平日の施設の入り口には誰も見えなかったが、高校生の男の子たちが私を追い越していく。
泳ぎたいと思ったのも、ここで泳ぐもの6年ぶりなため、
受付の場所が分からなかった私は彼らに着いて行くことにする。
私が中学生の女の子だった時に感じた、登下校ですれ違う高校生の男子の群れに対する恐怖のようなものは、
薄くなったし当時のリアリティがある訳ではないが、まだどこか根付いている気がする。
なので彼らを追い越して、違うエレベーターを使うことにする。
 
大人1人で、あとすみません、
スイムキャップを忘れてしまったのですが、お借りできますか?
そういって1人分の入場券とスイムキャップを手に入れて更衣室へ向かう。
 
更衣室にもお手洗いにもシャワールームにも、誰もいなかった。
誰の気配も感じることなく裸になるって少し奇妙で楽しい感覚だ。
 
更衣室に入ったのと逆方向に出ると、そこには50メートルのプールが広がっている。
コースの奥のほうには、高校の水泳部がコースを貸し切って練習をしているのが見える。
どのコースにも3・4人の人がいるものの、50メートルの間にいるのだから、人同士の間隔はまばらだ。
私はそこを通り過ぎて25メートルのプールへと続く廊下へ向かう。
 
入水し、泳ぐ。

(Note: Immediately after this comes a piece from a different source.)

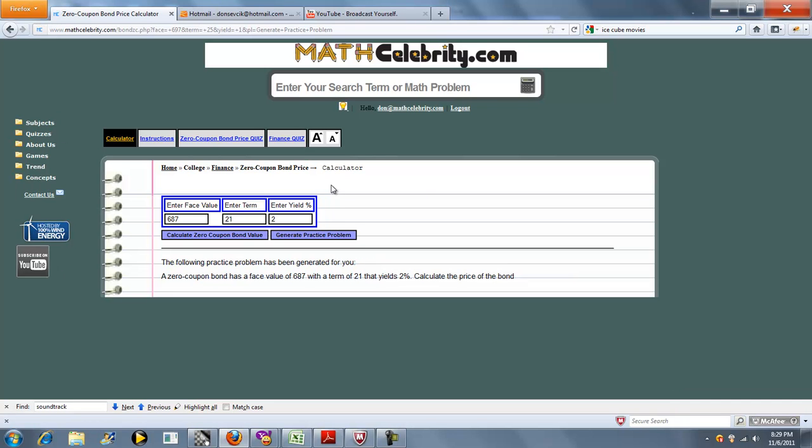So you can continually do practice problems. If you have any questions or enhancements on this lesson, please use the contact us link. Thanks for watching.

このコースには誰もいない。
右側通行で、平泳ぎを。クロールを。背泳ぎを。
25メートルを4往復もすれば顔が熱くなる。
泳げるということは、泳ぐことができる環境に自分を向かわせてあげて成立するご褒美なのだと実感する。
最初は何も考えずに泳いでいたが、1時間を過ぎたあたりで色々と遊び始める。
頭を下げて抵抗を減らそう。クロールの息継ぎを4回目にすると早くなるのか。背泳ぎは足だけで進むのか。
ビート版を手に泳ぐことにする。
普通に泳ぐのは飽きた気もして、何キックで25メートルを泳げるのかをはかることにする。

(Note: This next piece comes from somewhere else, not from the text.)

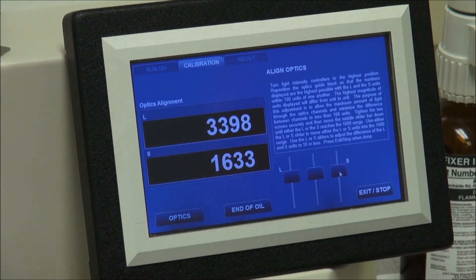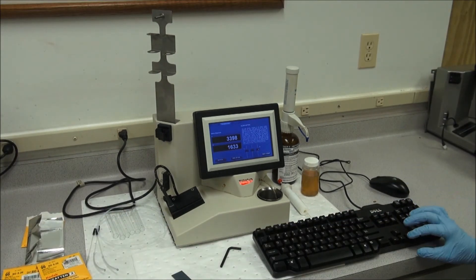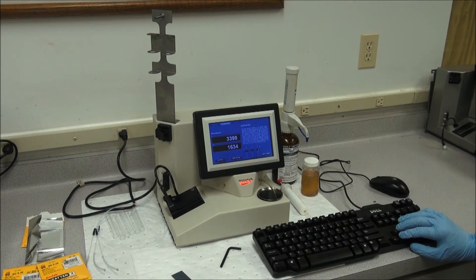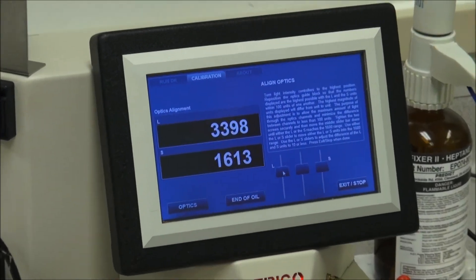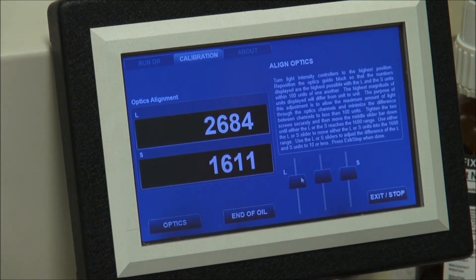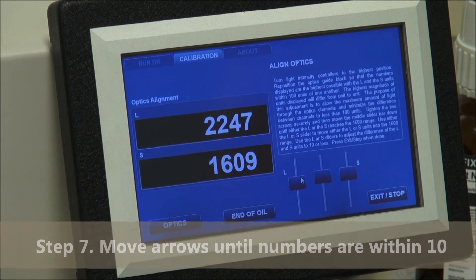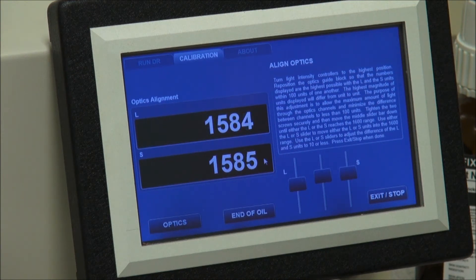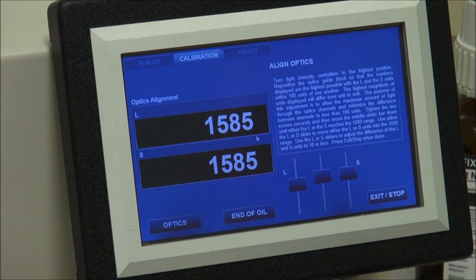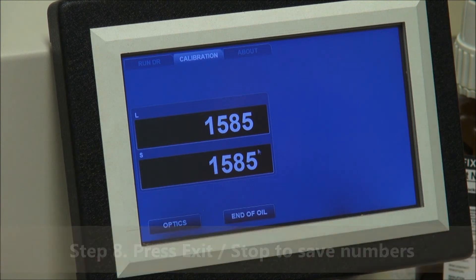Once the L or the S are in the 1600 range, use the left or the right slider bar and the keyboard up and down buttons to adjust with finer adjustment. Move each button until the L and the S numbers are within 10 of each other. Once both are within the 1600 range and within 10 of each other, press exit and stop to save your numbers.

最初は平泳ぎ27キック。おやおやと思い、次はキックの推進力を存分に待って、ゆっくりと16キック。
ドルフィンキックだとどうなるのだろうと、試してみる。こちらも16キック。その後はどちらも16キックを切ることなく泳ぎ続けた。
黙々と泳ぐことはこんなにも気持ちがいい。自分の身体を自分で使っているというだけで気持ちがいい。
 
2時間と少し泳いで今日はもう終わりにする。プールから出た途端、二の腕の裏が痛いことに気づく。なんとなく腹筋の奥も痛いような気がする。何より眠い。
今日私が歩けるのはあと何メートルというリミットが急に現れて、どんどん減っていくような気がする。私はそのリミットが0センチになる前に、ちゃんと家に帰れるだろうか。
 
にしても、精神衛生上でも運動が大事だというのはほんとだった。私はそれを確かめたくて考えたあげくプールに狙いを定めたのであった。それが確かめられたのはとてもとても重要で、やはり私が健全に生きるためには身に付けるべき価値観であるように思われた。
今年はあと何度私は泳げるかなぁ。